Fulani culture endures as community embraces education for all

I feel happy to be waking up in the morning to go to school….I do not want to be married-off like others, and my friends will no more make jest of me…” said Wasilat Ibrahim with a smile. Wasilat, a 13 year-old girl in Gaa Uthman Nomadic LGEA School in Ilorin East, is benefiting from the basic education programme supported by ESSPIN. After facing a near-marriage experience, Wasilat now has high hopes for the future. “I want to become a doctor,” she says.
Young members of the Gaa Uthman Fulani community are now encouraged to go to school. These include children already betrothed, boys who married early, and girls who were married without their consent who are now being sent to school by their husbands. This is the result of two years of continuous sensitisation activities in the community led by CSOs and the SBMC and supported by ESSPIN. The school has grown from 12 to 56 students.
According to Ajia Afusat, the head teacher, “I used to see many children grazing cows or selling cheese at the time they were supposed to be in school.” But now the situation has changed. “I can write my name now, and I hope to make more progress….We have greatly improved too in morals and social life”, reports Wasilat.
Before I joined school”, explained Usman Aliyu, aged 12 in Primary 3, “I could neither read nor write, but now I can even help others to read.”
I am now able to help my customers load scratch cards into their mobile phones”, said Primary 2 student Umar Adamu, aged 20 and married for 5 years with two children.
The Gaa Uthman nomadic community is encouraging schooling for all children and young adults whilst respecting traditional beliefs. The SBMC arranged for a female Hausa-speaking head teacher. “The men to whom the young girls are betrothed would not allow their young future wives to attend a school to be taught by a male teacher. They also want a Hausa speaker who understands them”, Adeyemo Adeyemi a CSO member explained.

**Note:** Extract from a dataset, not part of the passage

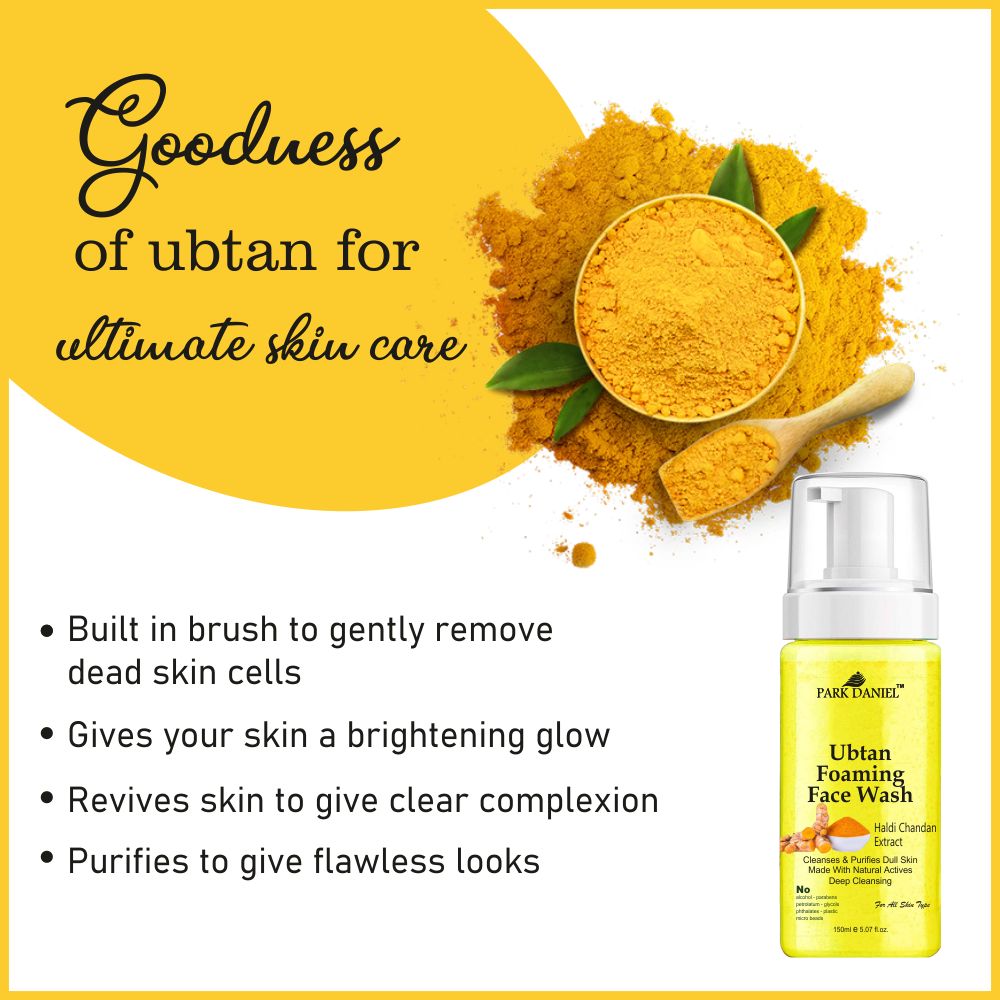 Park Daniel Ubtan Foaming Face Wash For Deep Cleansing for Normal to Dry Skin 150 ML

Asked what message she has for her friends who are not yet in school, Wasilat continued, “I advise them to come to school. There is future and hope in it. I advise our parents too that they should not see education as a way of losing us. Instead, they should see it as a stepping stone to success and a way forward. We have lagged behind for too long.”

Gaa Uthman SBMC members, Ilorin East, Kwara State meet for a sensitization session on the advantages of literacy and numeracy.